This week we’ve got a very special Hammer of Math, with Stat Check’s Cliff Thomas filling in for Primaris Kevin. Cliff is talking about win rates and how they’re not necessarily the final data point to look at when determining how good a faction is and whether that faction needs addressing.
Warhammer 40k’s 9th edition has ushered in a new age of game-based data sharing and analysis. The Falcon’s pioneering work in 8th Edition started us all down this road, and we’re all better for it. The weekly Meta Monday posts on r/warhammercompetitive, the Falcon’s continued work here at Goonhammer’s 40k Stats, and my team’s work on the Meta Data Dashboard at Stat Check have produced a veritable cornucopia of performance data for 40k enthusiasts to peruse. Even Games Workshop has joined the stats nerd party with their biweekly Meta videos. Faction win rates in all shapes and sizes can be found on your website of choice, using the dataset that you feel is most appropriate.

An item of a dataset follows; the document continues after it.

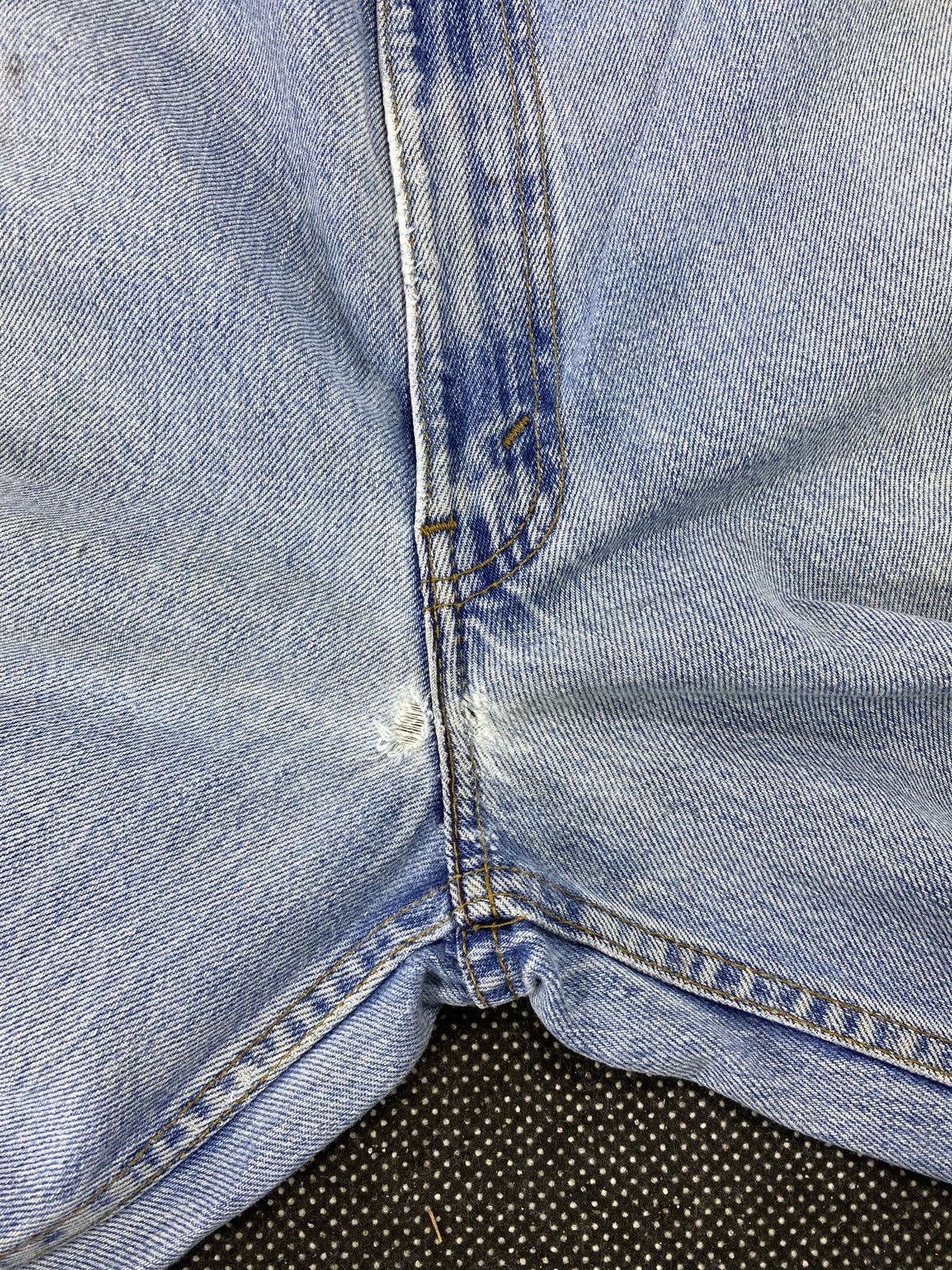 Jean × Levi's × Vintage 90s VINTAGE LEVIS 560 BLUE WASH JEANS -J513 Size US 39 - 10 Thumbnail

That said – we’ve got a lot of work to do. Overall Faction Win Rates – the most basic data point available to us, have become the default talking point for balance and performance discussions. Fellow 40k enthusiasts – we’re better than this. While a great start, overall faction win rates can mask performance outliers on the top and bottom ends, hide sub-factions that are either over or under-tuned, and occasionally give us data that is flatly unreliable due to low sample sizes.
Thankfully, the 40k Statsluminati has provided additional data to curb this issue. However, that data’s only useful if you, dearest reader, use it! Let’s go on a journey through the lies that Faction Win Rates occasionally tell, and the path to nuanced truth that can be discerned from other data points.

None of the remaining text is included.